[[ Given information open ]]

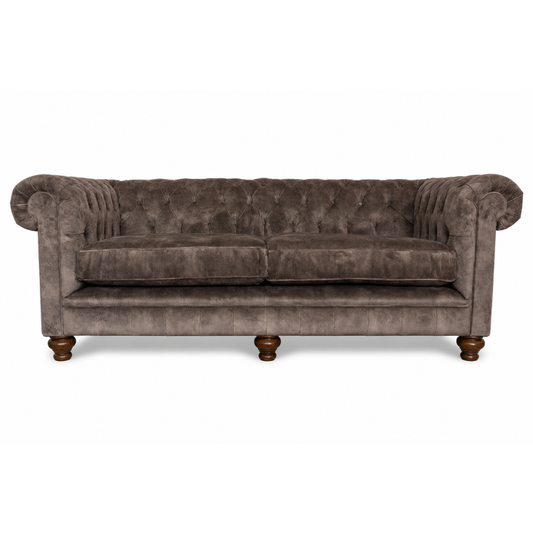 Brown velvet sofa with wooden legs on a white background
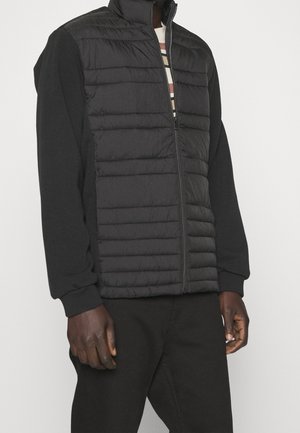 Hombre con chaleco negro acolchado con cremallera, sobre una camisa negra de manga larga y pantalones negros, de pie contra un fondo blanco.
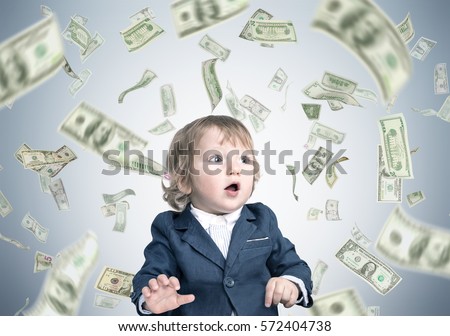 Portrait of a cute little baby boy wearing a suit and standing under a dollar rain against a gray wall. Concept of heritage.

[[ Given information closed ]]

## The task
What the answer must hold: all the data above, given again exactly, without pictures.

## Response for this exercise
 Brown velvet sofa with wooden legs on a white background
 Hombre con chaleco negro acolchado con cremallera, sobre una camisa negra de manga larga y pantalones negros, de pie contra un fondo blanco.
 Portrait of a cute little baby boy wearing a suit and standing under a dollar rain against a gray wall. Concept of heritage.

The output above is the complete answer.